● **Source data**:
------------------------------------

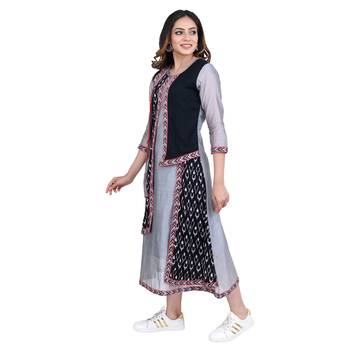 Grey printed chanderi ethnic-kurtis 3
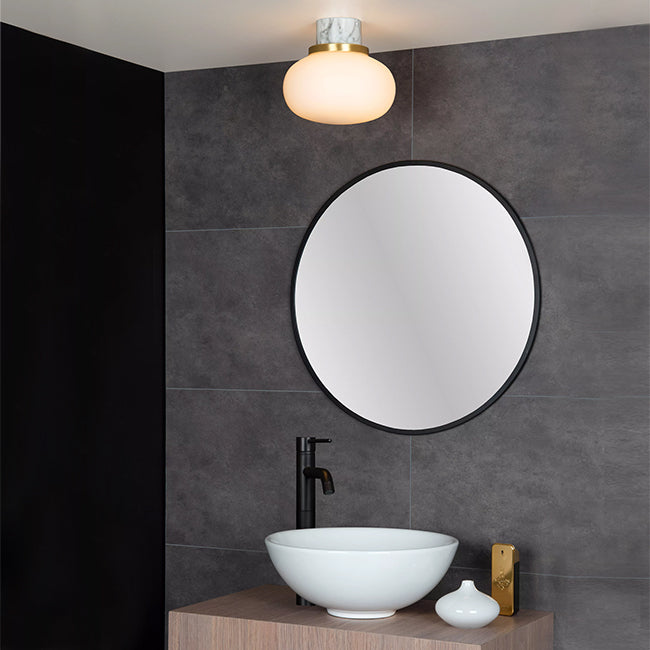 Plafón mármol blanco vidrio opal Ø23x20 cm IP44 E27 LUPL0122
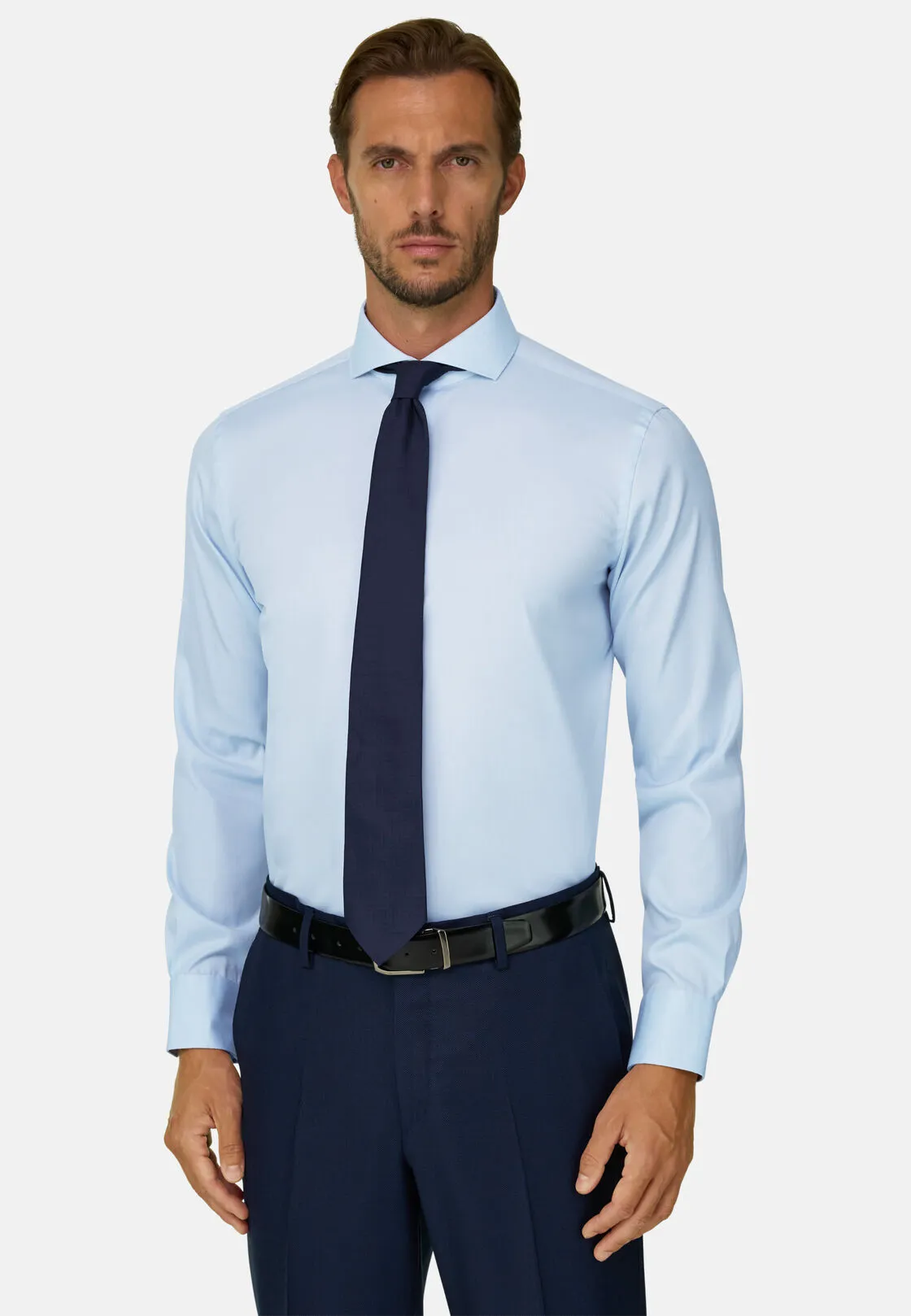 Boggi, Camicia In Pin Point Di Cotone Regular Fit, Uomo, Azzurro, Taglia: 46 - immagine 1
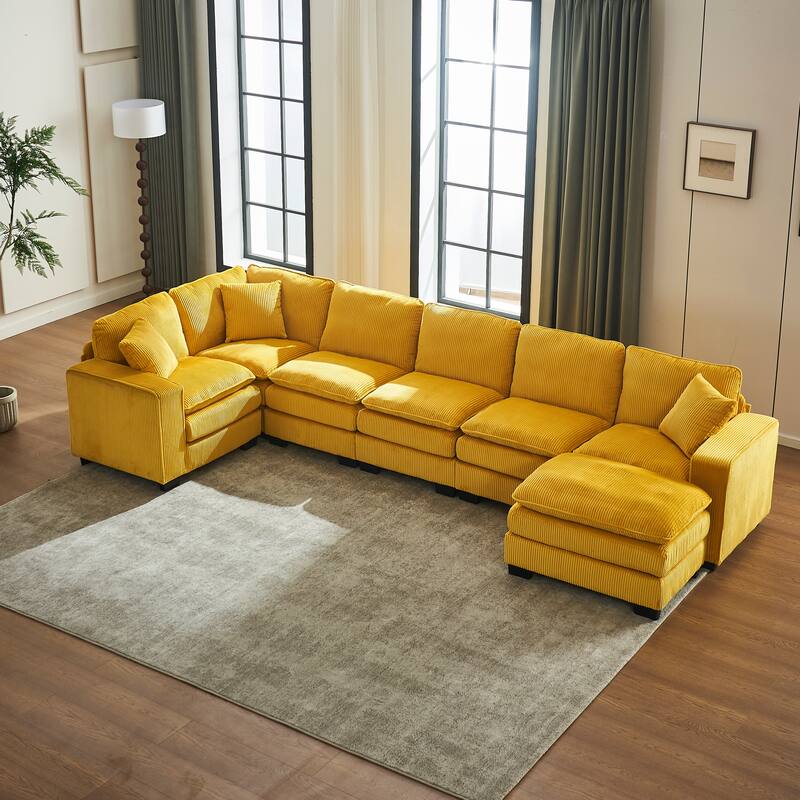 Modular Sectional Sofa for Living Room, U Shaped Sofa Couch with Ottoman and Three Toss Pillows, Corduroy Fabric Sofa Set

------------------------------------

● **What to work on**: The expected output is the full material above, unaltered, with pictures removed.

● **Result of this exercise**:
 Grey printed chanderi ethnic-kurtis 3
 Plafón mármol blanco vidrio opal Ø23x20 cm IP44 E27 LUPL0122
 Boggi, Camicia In Pin Point Di Cotone Regular Fit, Uomo, Azzurro, Taglia: 46 - immagine 1
 Modular Sectional Sofa for Living Room, U Shaped Sofa Couch with Ottoman and Three Toss Pillows, Corduroy Fabric Sofa Set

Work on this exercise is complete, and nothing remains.